READY PLAYER ONE (2018), based on Ernest Cline’s 2011 novel, is a really fun, visually stunning sci-fi film that left me feeling kind of empty.
It’s the future, in which overpopulation and environmental depletion have created a dystopia where the vast majority is poor. To escape their lot, most people engage in a global MMO game called the OASIS. When the film begins, we learn the game’s creator died and left a challenge for the players–anybody who finds three keys in OASIS’s online universe will win control of the entire company (and hence, the universe). Another corporation is financing an effort to find the keys so as to win control of their rival and its riches.
Enter Wade (Parzival online, played by the likeable Tye Sheridan), who teams up with friends and Art3mis, a badass gamer chick, to crack the keys by studying the creator’s life and pop culture for clues. He’s on a never-ending quest to find the keys. His goal is to keep the OASIS free so it’s not exploited by other corporations, who would ruin the fun with ads and nickel and diming charges. The action online spills over into the real world, as Wade and his friends battle the bad guys and search for the keys in a universe teeming with more than 100 pop culture references.
Visually, the movie is stunning, and while the third act drags as it struggles to bring everything to a finish, it’s a briskly paced, action-packed story.
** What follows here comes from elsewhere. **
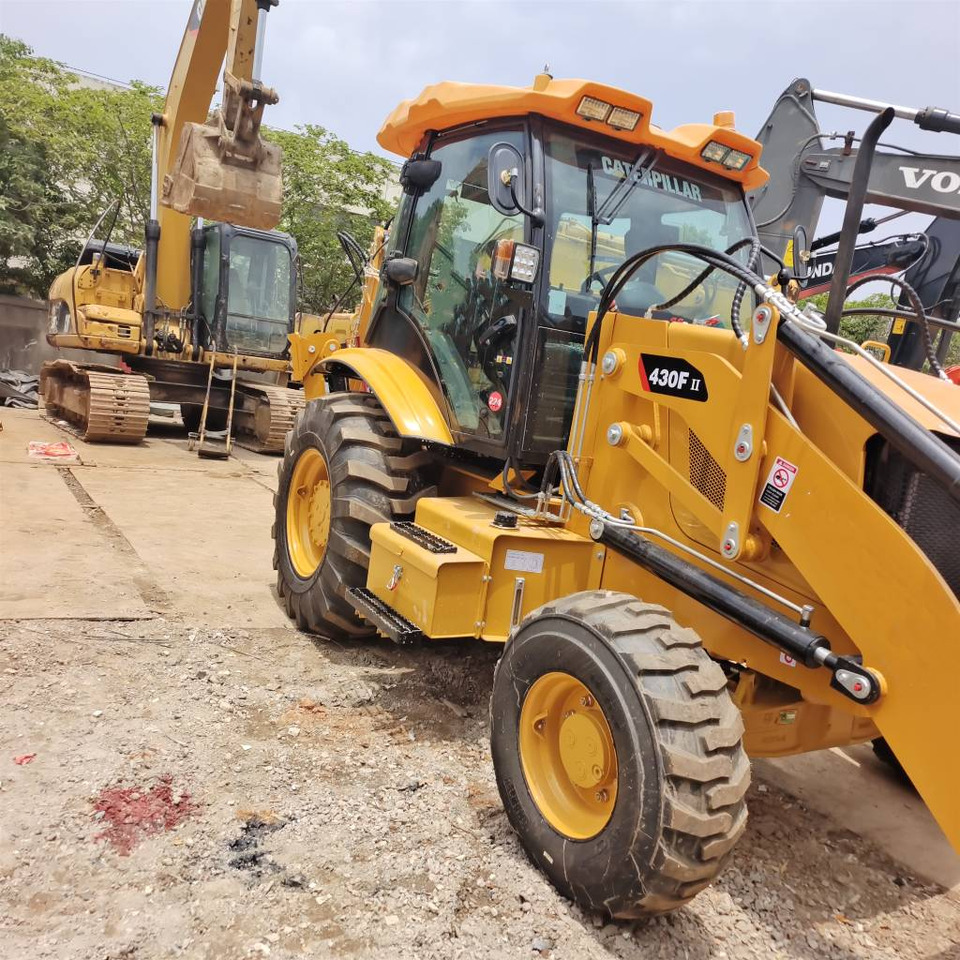 CAT 430 F - Kotrórakodó: 1 kép. CAT 430 F - Kotrórakodó: 1 kép.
The characters are likeable enough, and we want them to win. There is plenty of pop culture references to keep people yelling, “Ha! I remember that!” (I’m not that kind of guy, though I did love that the bad guy bore a striking resemblance to the teacher in THE BREAKFAST CLUB.) Where the film fell flat for me was in its themes.
First, we see that humanity has given up on the real world. Nobody is interested in solving the problems humanity created, they just want to escape online into a universe that has become more real to them. That’s just depressing no matter how you cut it, made worse by the fact in the real world Wade has no friends or much of a family, and goes so far as to confess he’s in love with Art3mis when he barely knows her and only knows her as an avatar in a game. He never learns that maybe he shouldn’t live his whole life online but instead try to engage with the real world and find the same level of meaning and purpose there.
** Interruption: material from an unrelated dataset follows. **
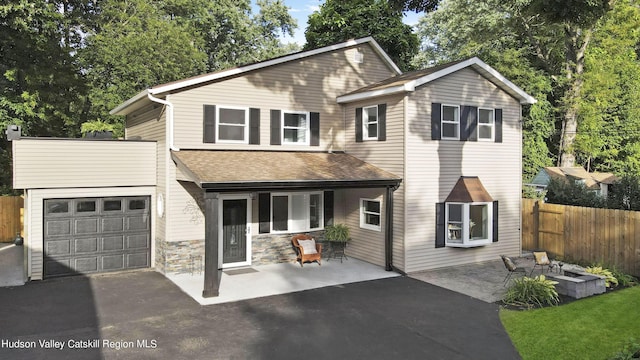 view of front of house featuring a patio area and a fire pit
Second, Wade is supposed to learn that the game creator is just a guy with humble beginnings, but that same game creator required Wade to intensely study his life to solve the puzzle. This is connected to the third and biggest thematic flaw, which is knowledge of pop culture is far more important than becoming a better person through the messages pop culture delivers. All the good guys are obsessed with pop culture, with the coolest being able to recite Monty Python by rote and the like, while the super-lame bad guys don’t really care about pop culture.Wade is rewarded for the equivalent of knowing every line of HARRY POTTER, but not for knowing and acting on the moral lessons that make HARRY POTTER great. Imagine how satisfying the story would have been if Wade was say in HARRY POTTER world to find a certain key, uses his knowledge about HARRY POTTER to get close to it, and then has a choice to be selfish (appearing to win but ultimately losing) or act on the themes in HARRY POTTER and win, growing into a mature human being in the process.
In the end, I liked the movie, because, well, Spielberg–it’s big budget, bold, fast-paced, action-packed sci-fi packed with great world building and eye candy–but didn’t love it, as its themes were hollow and unsatisfying.